Et Iggy Pop, pourtant reconnu et sollicité (par les Doors orphelins de Jim Morrison, notamment), devient incapable de se concentrer sur le moindre projet . Englué dans l’alcool et les substances hallucinogènes, c’est un zombie ruiné et tragique qui erre dans les rues de Los Angeles. Lors d’un bref instant de conscience, il trouvera quand même la force de se faire hospitaliser pour une cure de désintoxication volontaire. Une seule personne lui apportera visites et soutien : David Bowie. Une très forte amitié, scellée par une admiration réciproque, unit désormais les deux artistes. Bowie emmène Iggy convalescent tout au long de sa tournée « Station to station » (1976) : ils ne se quitteront presque pas pendant deux ans. Bowie veut sortir son ami du bourbier et entame dès 1977 sa deuxième opération de réhabilitation d’un Iggy oublié, pillé (le mouvement punk émergeant se sert abondamment dans le répertoire et les attitudes des Stooges), désillusionné … mais vivant et remis sur pieds.

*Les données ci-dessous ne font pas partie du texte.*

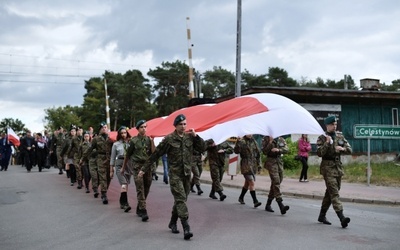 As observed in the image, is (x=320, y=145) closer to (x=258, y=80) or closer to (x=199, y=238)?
(x=199, y=238)

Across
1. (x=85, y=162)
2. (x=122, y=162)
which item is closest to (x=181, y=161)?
(x=122, y=162)

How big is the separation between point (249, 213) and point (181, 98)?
5352cm

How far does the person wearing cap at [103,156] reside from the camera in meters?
12.4

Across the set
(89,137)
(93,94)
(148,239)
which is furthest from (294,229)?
(93,94)

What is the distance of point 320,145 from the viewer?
8.99 metres

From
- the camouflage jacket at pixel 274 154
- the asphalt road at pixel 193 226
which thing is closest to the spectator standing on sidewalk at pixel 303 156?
the asphalt road at pixel 193 226

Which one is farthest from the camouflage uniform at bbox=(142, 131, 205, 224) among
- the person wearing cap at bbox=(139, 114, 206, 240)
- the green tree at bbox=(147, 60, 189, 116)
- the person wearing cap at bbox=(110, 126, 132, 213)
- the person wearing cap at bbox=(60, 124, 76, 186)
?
the green tree at bbox=(147, 60, 189, 116)

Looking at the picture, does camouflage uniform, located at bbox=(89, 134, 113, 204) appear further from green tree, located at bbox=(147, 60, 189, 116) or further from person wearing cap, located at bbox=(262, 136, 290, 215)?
green tree, located at bbox=(147, 60, 189, 116)

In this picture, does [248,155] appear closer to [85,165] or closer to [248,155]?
[248,155]

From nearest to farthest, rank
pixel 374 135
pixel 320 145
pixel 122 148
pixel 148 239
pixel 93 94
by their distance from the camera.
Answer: pixel 148 239 < pixel 320 145 < pixel 122 148 < pixel 374 135 < pixel 93 94

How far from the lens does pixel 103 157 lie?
12.6m

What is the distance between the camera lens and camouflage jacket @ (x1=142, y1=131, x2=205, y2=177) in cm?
816

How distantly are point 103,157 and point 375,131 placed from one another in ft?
32.7

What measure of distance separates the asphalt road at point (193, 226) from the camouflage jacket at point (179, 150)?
1.11 meters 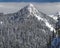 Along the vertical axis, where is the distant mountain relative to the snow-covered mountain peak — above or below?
below

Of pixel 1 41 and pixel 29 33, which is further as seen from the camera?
pixel 29 33

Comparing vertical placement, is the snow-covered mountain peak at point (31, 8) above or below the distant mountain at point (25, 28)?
above

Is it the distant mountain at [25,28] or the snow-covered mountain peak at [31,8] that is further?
the snow-covered mountain peak at [31,8]

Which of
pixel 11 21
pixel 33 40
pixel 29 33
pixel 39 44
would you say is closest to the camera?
pixel 39 44

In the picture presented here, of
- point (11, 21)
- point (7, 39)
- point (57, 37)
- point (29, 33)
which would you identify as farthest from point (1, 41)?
point (57, 37)

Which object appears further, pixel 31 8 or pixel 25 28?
pixel 31 8

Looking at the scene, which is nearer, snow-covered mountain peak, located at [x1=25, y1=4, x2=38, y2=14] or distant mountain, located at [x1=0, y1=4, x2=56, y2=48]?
distant mountain, located at [x1=0, y1=4, x2=56, y2=48]

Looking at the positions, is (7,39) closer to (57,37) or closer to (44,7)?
(44,7)

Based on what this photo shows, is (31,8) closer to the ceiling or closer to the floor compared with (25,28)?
closer to the ceiling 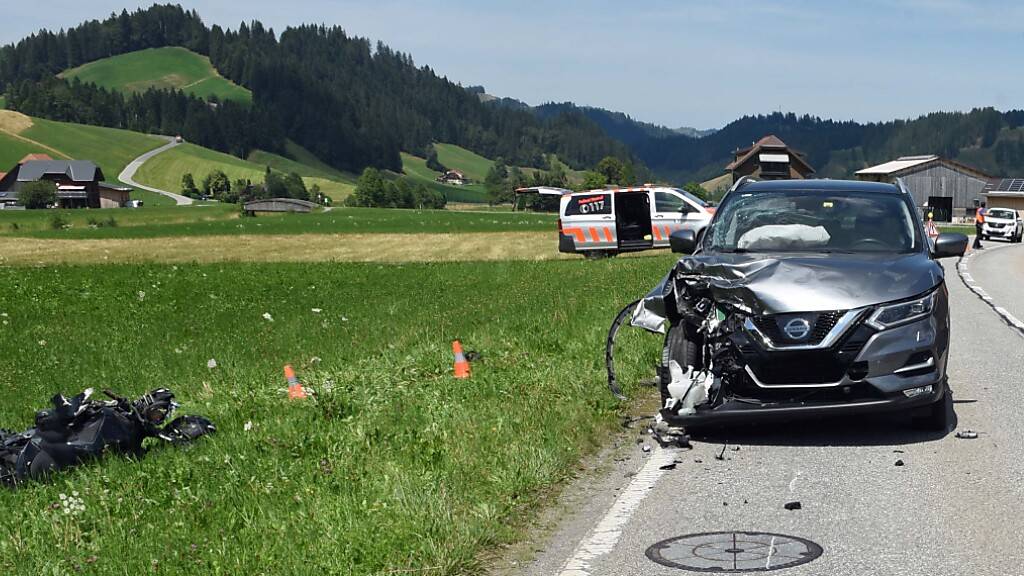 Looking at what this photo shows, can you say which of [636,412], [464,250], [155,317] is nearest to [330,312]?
[155,317]

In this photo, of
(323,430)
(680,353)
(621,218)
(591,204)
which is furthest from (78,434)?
(621,218)

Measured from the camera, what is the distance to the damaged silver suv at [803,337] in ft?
24.8

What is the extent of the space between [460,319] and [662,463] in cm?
928

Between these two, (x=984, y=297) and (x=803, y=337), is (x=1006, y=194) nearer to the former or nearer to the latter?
(x=984, y=297)

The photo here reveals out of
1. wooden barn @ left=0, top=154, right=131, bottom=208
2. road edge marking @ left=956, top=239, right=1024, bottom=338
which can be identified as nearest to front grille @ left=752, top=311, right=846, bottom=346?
road edge marking @ left=956, top=239, right=1024, bottom=338

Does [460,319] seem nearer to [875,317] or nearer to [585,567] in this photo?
[875,317]

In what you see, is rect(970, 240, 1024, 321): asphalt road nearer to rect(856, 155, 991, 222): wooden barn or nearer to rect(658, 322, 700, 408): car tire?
rect(658, 322, 700, 408): car tire

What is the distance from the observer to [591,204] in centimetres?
3400

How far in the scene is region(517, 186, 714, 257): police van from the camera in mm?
33500

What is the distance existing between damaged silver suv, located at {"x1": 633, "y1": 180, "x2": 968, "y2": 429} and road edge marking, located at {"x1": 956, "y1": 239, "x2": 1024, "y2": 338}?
22.7 feet

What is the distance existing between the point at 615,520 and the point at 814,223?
4.08 meters

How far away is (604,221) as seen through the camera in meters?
33.9

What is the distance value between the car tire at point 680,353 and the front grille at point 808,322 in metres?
0.67

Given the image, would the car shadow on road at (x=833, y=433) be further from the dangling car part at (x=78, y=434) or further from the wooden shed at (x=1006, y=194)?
the wooden shed at (x=1006, y=194) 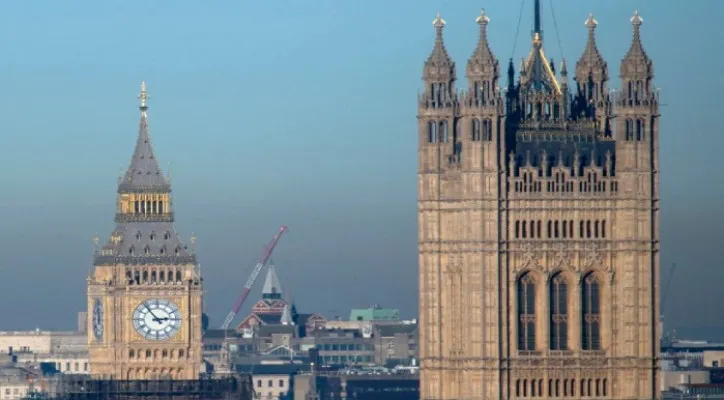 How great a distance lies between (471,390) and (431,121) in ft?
33.0

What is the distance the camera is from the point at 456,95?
199750mm

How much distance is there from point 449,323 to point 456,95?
8.45 m

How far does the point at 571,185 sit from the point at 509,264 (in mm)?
3724

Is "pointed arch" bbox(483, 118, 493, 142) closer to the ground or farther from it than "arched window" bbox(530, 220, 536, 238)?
farther from it

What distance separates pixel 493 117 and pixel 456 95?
181 cm

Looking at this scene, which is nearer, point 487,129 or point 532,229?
point 487,129

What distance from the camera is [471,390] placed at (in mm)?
199375

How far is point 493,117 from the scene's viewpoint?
199 m

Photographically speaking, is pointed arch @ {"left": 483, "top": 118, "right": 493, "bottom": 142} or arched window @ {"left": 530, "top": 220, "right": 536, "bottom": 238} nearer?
pointed arch @ {"left": 483, "top": 118, "right": 493, "bottom": 142}

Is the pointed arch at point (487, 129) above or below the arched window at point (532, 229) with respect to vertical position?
above

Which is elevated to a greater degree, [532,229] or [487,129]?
[487,129]

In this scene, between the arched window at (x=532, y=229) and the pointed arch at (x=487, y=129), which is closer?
the pointed arch at (x=487, y=129)

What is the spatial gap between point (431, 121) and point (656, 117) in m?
8.33

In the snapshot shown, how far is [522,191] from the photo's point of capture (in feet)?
655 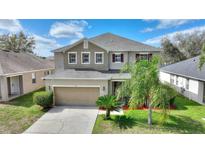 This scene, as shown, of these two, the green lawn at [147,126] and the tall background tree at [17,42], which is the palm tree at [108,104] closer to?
the green lawn at [147,126]

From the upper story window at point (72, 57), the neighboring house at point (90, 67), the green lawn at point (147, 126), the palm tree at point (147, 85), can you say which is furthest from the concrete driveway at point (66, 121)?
the upper story window at point (72, 57)

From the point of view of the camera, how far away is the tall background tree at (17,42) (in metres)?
42.2

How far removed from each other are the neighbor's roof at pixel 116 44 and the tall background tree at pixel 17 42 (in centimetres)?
3182

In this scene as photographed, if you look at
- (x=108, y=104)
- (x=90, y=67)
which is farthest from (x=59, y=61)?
(x=108, y=104)

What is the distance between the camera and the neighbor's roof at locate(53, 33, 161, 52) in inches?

Bowie est bien la seule personne qu’Iggy veut bien écouter, le seul à pouvoir le canaliser pour en extraire tout le génie créatif . La preuve : les deux meilleurs disques d’Iggy Pop sont ceux enregistrés ensemble entre fin 76 et mi-77.
D’abord, « The idiot » (qui sort en avril 77) - cf article dans nos colonnes - monument qui rencontrera le succès en disque et sur scène.
Forts de cette belle dynamique, retour en studio à Berlin du couple infernal Iggy/Bowie, pour écrire et enregistrer (en trois jours !) un « Lust for life » beaucoup plus primesautier, qui démarre sur un extraordinaire riff de batterie et enchaîne neuf morceaux pleins d’énergie, de fraîcheur musicale, conforme au visage apaisé, souriant, qu’arbore en pleine pochette un Iggy dont on ne connaissait jusqu’alors que la tronche fermée et inquiétante (en plus de ses fesse et du reste, bien sûr, dont il n’a jamais renâclé à faire étalage).
Il y a même un tube avec « The passenger », hommage à Jim Morrison, sur un tempo léger et mélodique, nouveau et étonnant venant d’un ex-Stooges. Mais aussi le magnifique et poignant « Tonight », le très amusant et lucide « Success »… Le tout plein de guitares, de chœurs, de pop et de rock’n’roll.
Disque incontournable et très accessible, qui constitue certainement la meilleure porte d’entrée dans l’univers de cet artiste attachant dont « la seule ambition est désormais de faire une meilleure musique, de vivre en paix et ensuite mourir ».
Remis sur les rails depuis 1977, il sait donc désormais où il va, Iggy Pop. Parrain avéré de tout un pan de l’histoire du rock, il endosse aujourd’hui le rôle avec détachement et sagesse, ce qui ne l’empêche pas, à 60 ans, de continuer à jouer sacrément le jeu (cf ses dernières prestations scéniques avec ses Stooges reformés).